• Dataset excerpt:
= = = = = = =

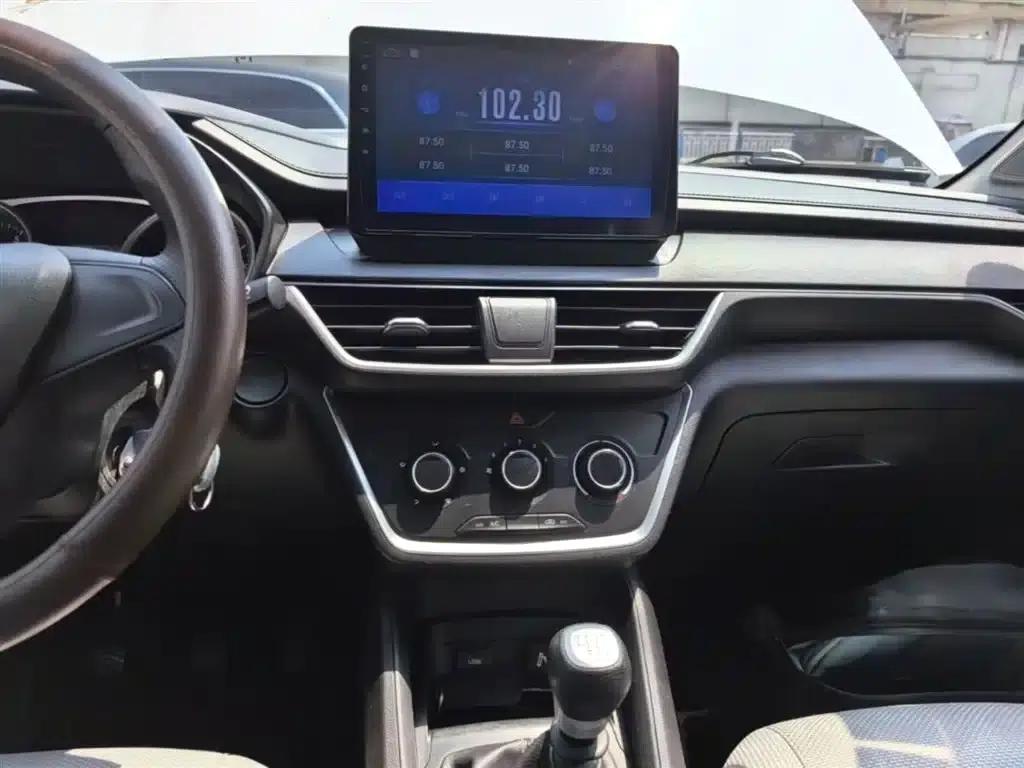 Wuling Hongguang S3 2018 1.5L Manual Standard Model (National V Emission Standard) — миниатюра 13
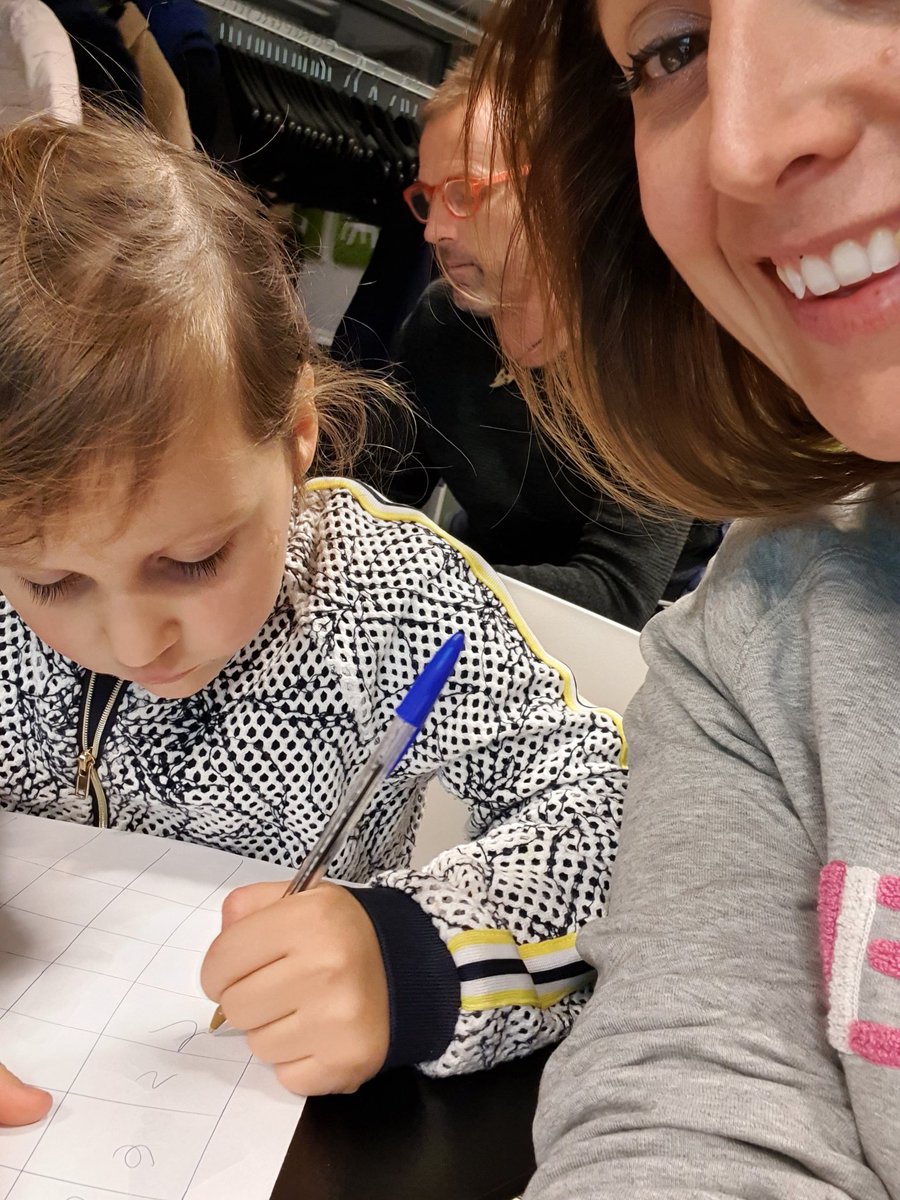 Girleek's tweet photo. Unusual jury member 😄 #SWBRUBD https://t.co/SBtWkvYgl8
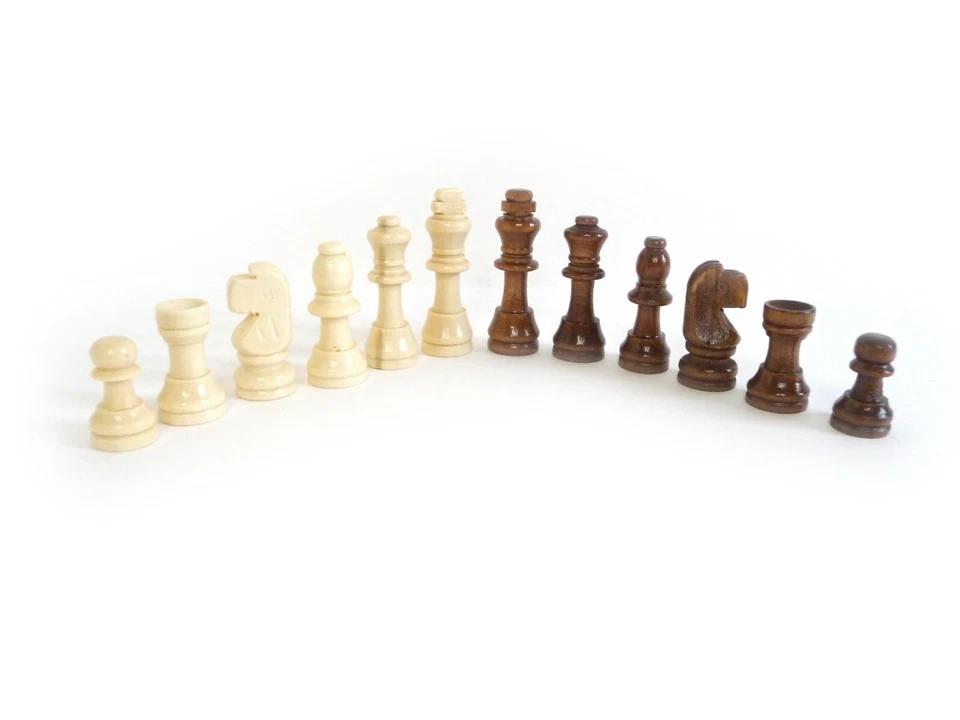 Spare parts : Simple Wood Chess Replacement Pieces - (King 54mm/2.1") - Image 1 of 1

= = = = = = =

• Requirement:
Retype exactly, please, the span from the line holding "Girleek's tweet photo." through the closing line of the data, both ends included, without the pictures.

• Written response:
 Girleek's tweet photo. Unusual jury member 😄 #SWBRUBD https://t.co/SBtWkvYgl8
 Spare parts : Simple Wood Chess Replacement Pieces - (King 54mm/2.1") - Image 1 of 1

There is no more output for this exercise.